- _Work item_
Would you give the entries again word for word, with no pictures in the copy?

(Image-text web data)
/---

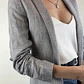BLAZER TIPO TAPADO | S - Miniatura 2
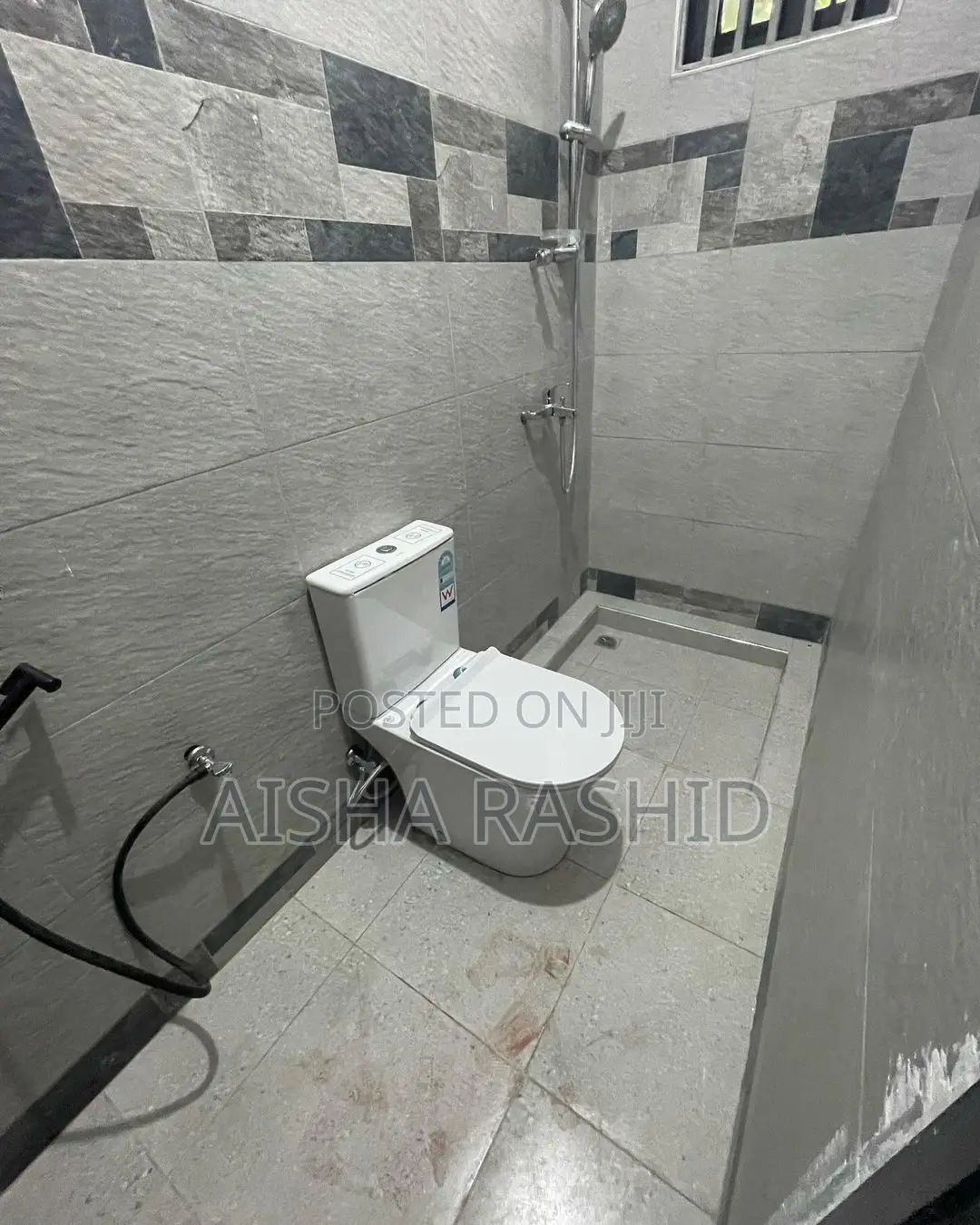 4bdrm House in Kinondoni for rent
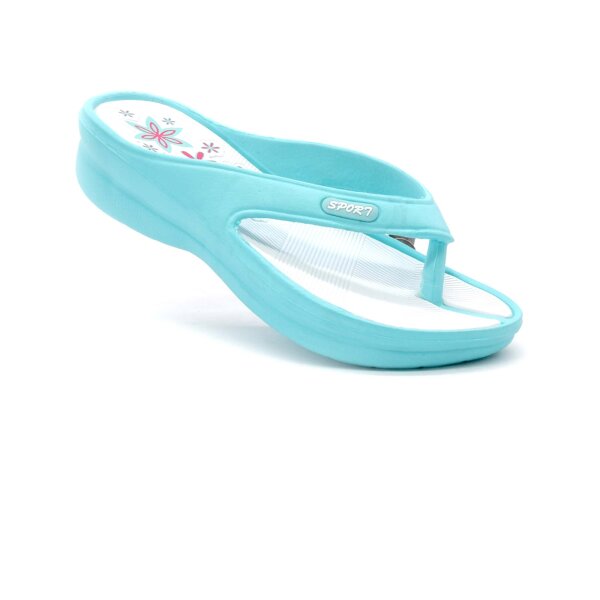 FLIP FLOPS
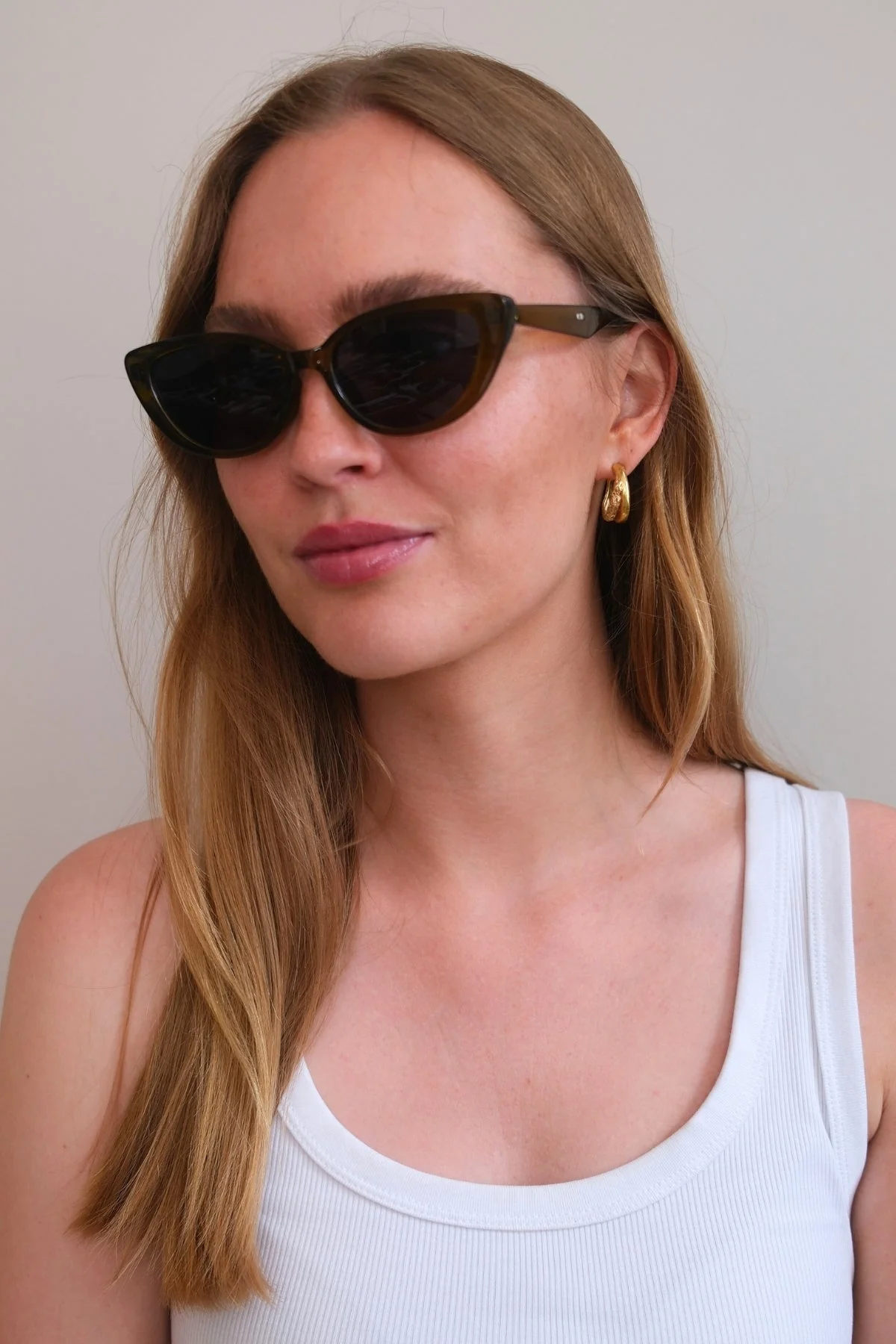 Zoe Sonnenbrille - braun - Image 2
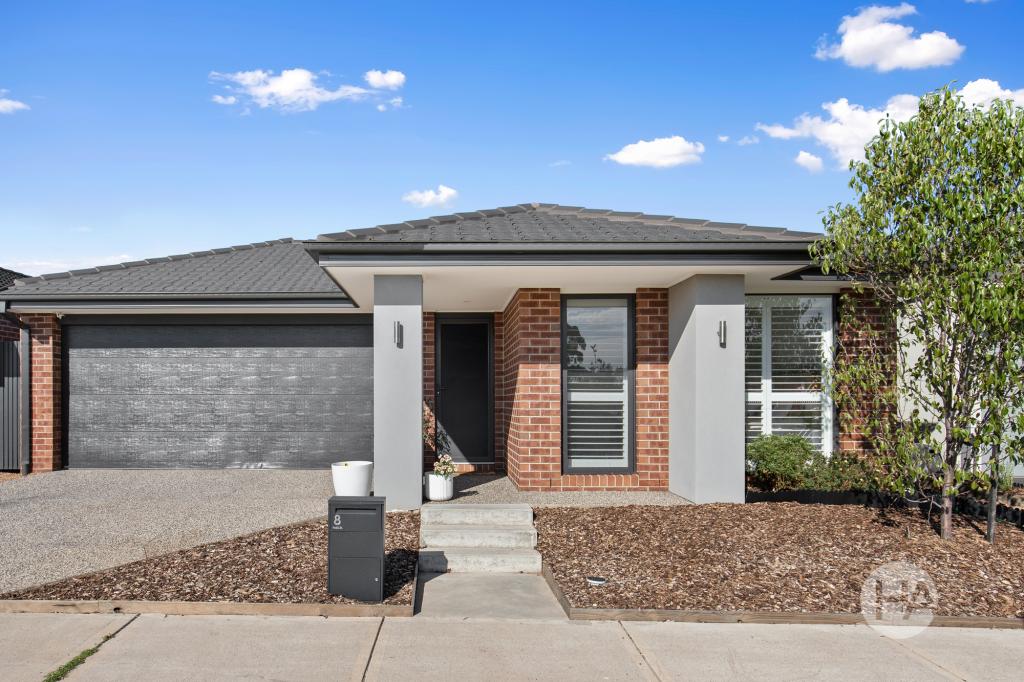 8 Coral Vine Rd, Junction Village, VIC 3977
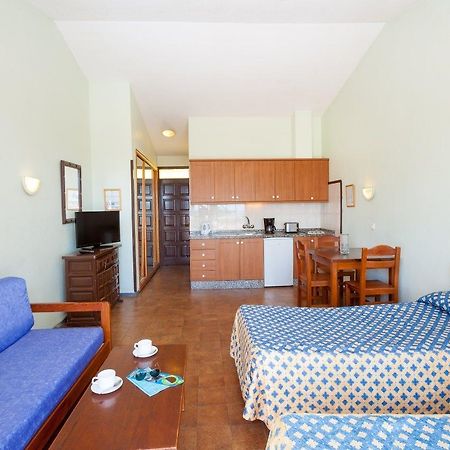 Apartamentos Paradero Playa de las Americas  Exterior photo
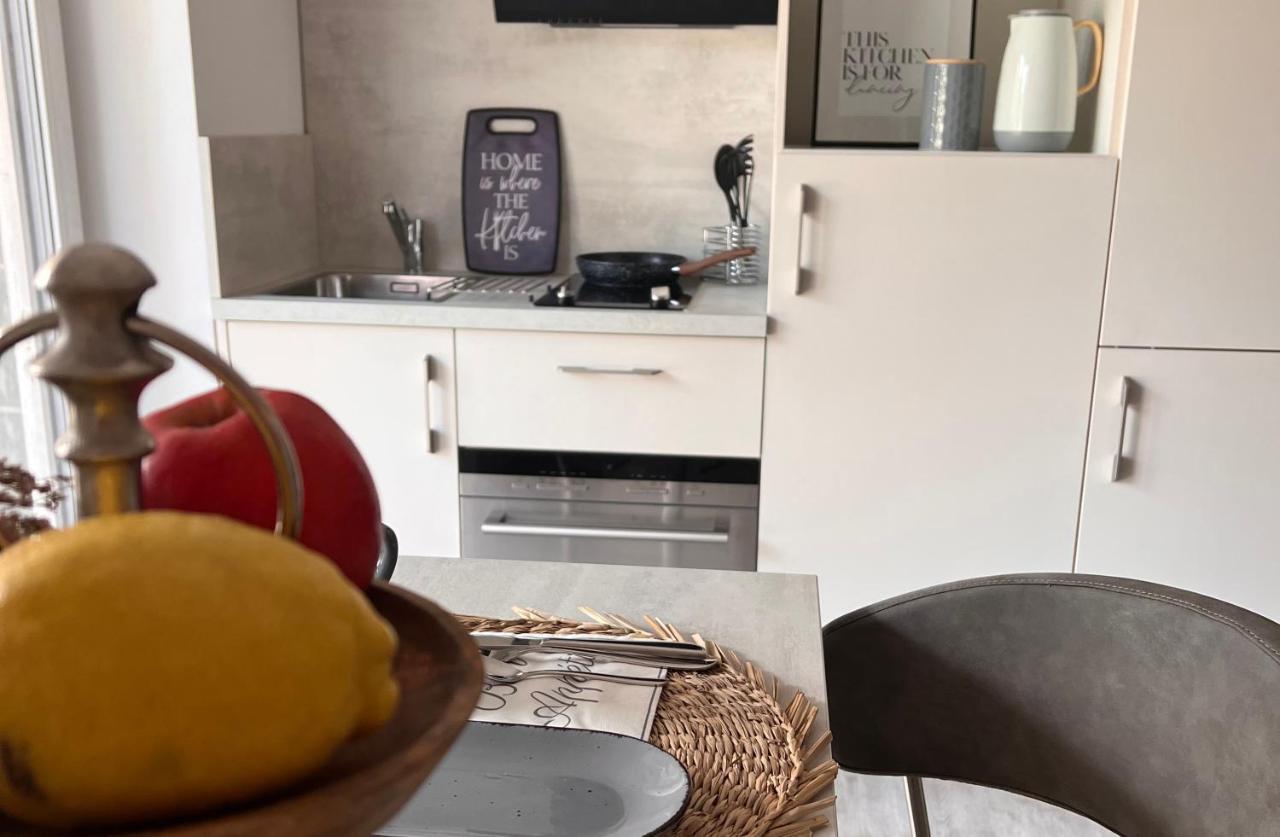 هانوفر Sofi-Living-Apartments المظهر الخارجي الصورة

\---

- _Answer space_
BLAZER TIPO TAPADO | S - Miniatura 2
 4bdrm House in Kinondoni for rent
 FLIP FLOPS
 Zoe Sonnenbrille - braun - Image 2
 8 Coral Vine Rd, Junction Village, VIC 3977
 Apartamentos Paradero Playa de las Americas  Exterior photo
 هانوفر Sofi-Living-Apartments المظهر الخارجي الصورة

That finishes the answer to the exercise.